▸ **Information provided**

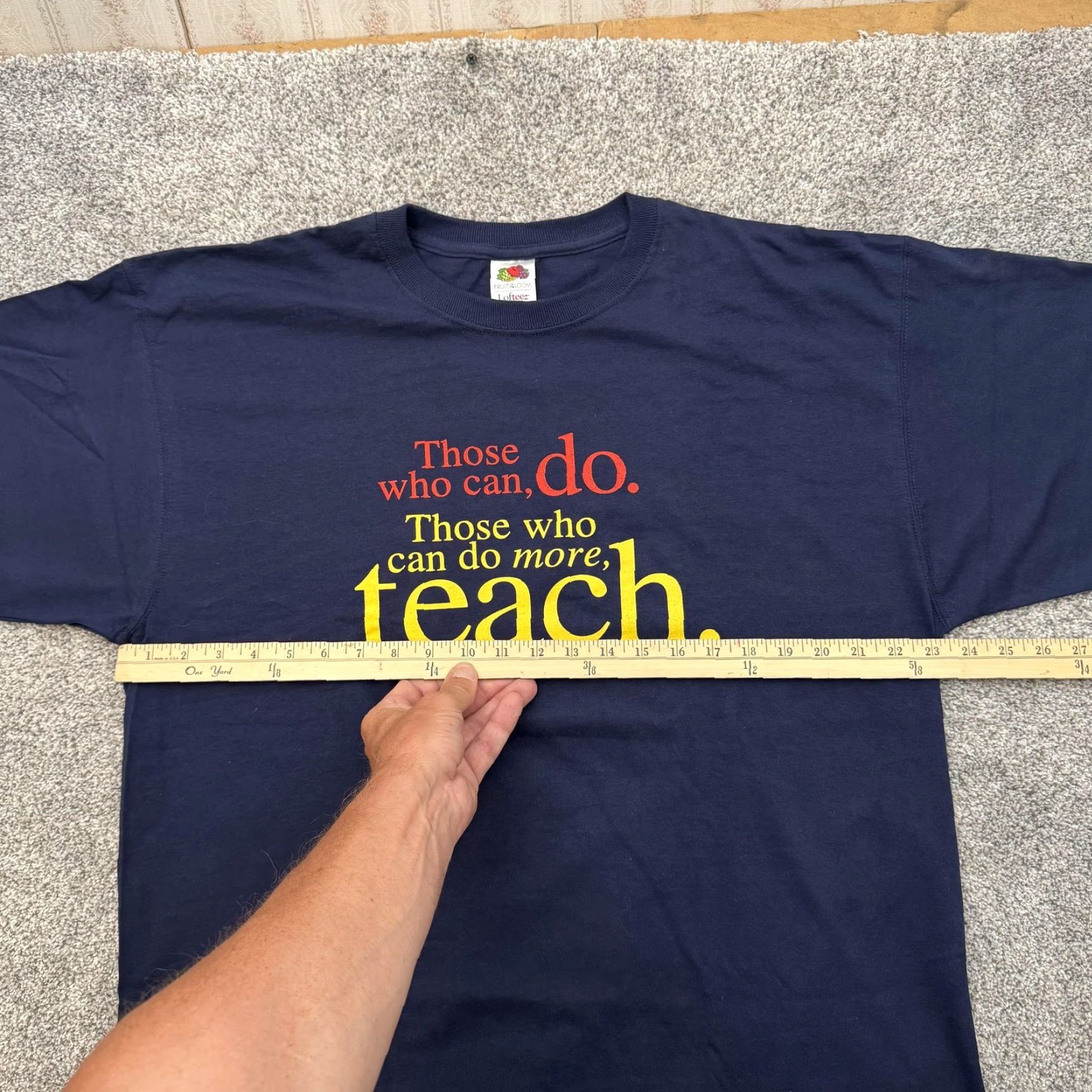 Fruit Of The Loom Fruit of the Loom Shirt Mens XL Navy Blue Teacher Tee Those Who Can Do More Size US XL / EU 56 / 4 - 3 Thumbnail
* * *
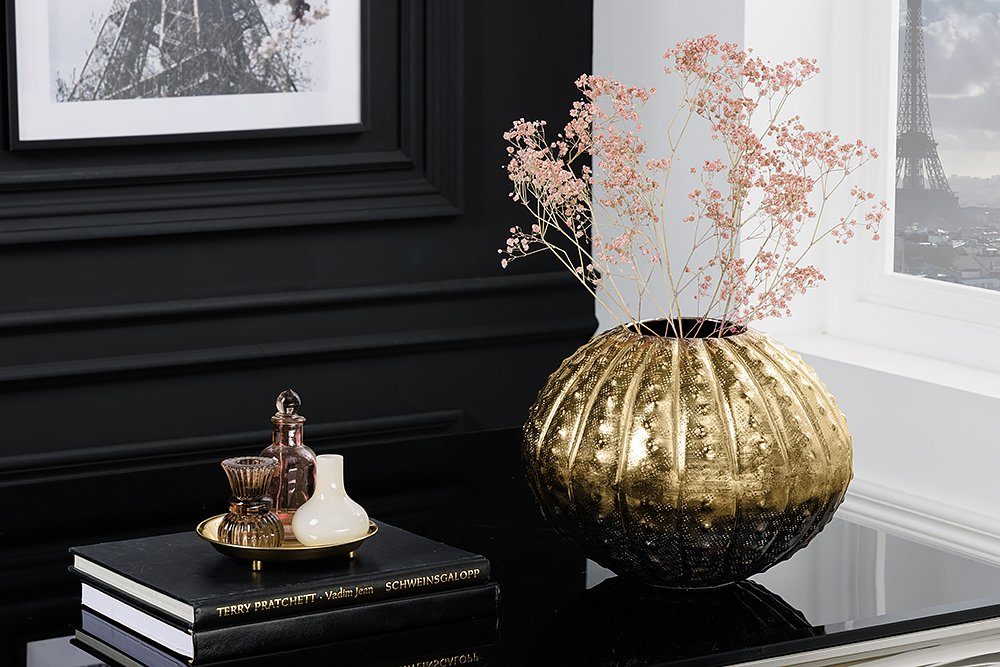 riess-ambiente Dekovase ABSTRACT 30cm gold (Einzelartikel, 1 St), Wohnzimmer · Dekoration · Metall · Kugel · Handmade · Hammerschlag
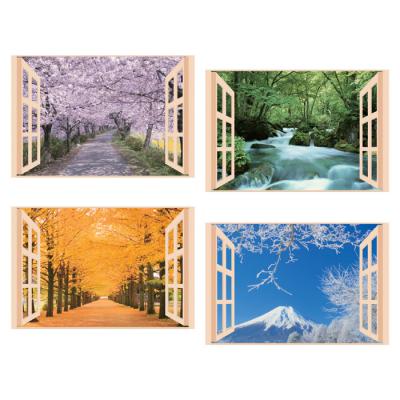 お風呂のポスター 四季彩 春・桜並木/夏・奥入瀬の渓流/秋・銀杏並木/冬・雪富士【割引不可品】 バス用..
...
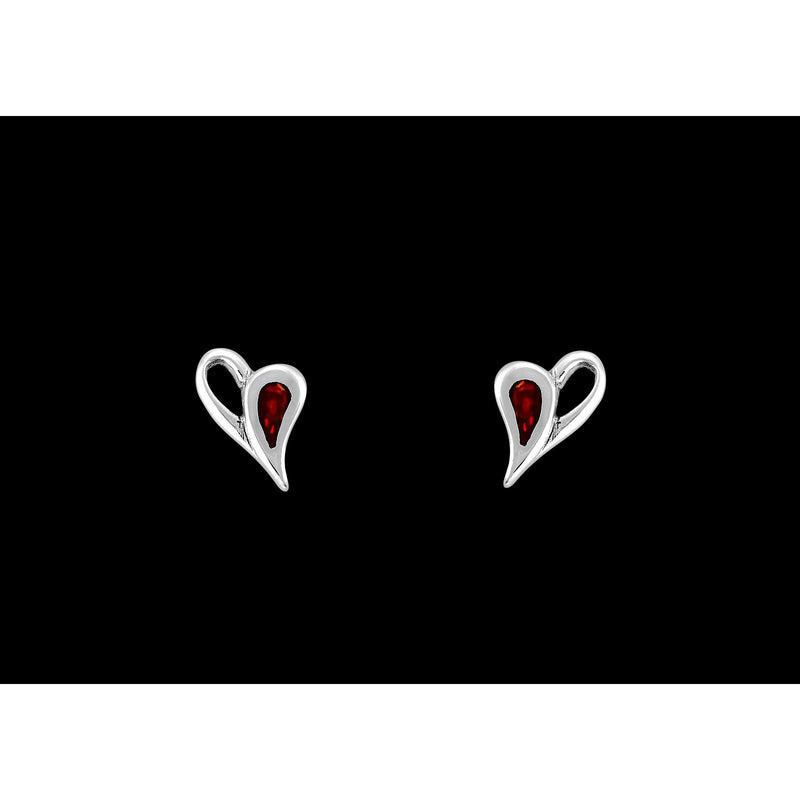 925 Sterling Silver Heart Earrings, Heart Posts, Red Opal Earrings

▸ **Exercise brief**
Skipping every picture, transcribe exactly the lines above from the one containing "riess-ambiente Dekovase ABSTRACT" through the one containing "お風呂のポスター 四季彩 春・桜並木/夏・奥入瀬の渓流/秋・銀杏並木/冬・雪富士【割引不可品】", both included.

▸ **Completed exercise**
 riess-ambiente Dekovase ABSTRACT 30cm gold (Einzelartikel, 1 St), Wohnzimmer · Dekoration · Metall · Kugel · Handmade · Hammerschlag
 お風呂のポスター 四季彩 春・桜並木/夏・奥入瀬の渓流/秋・銀杏並木/冬・雪富士【割引不可品】 バス用..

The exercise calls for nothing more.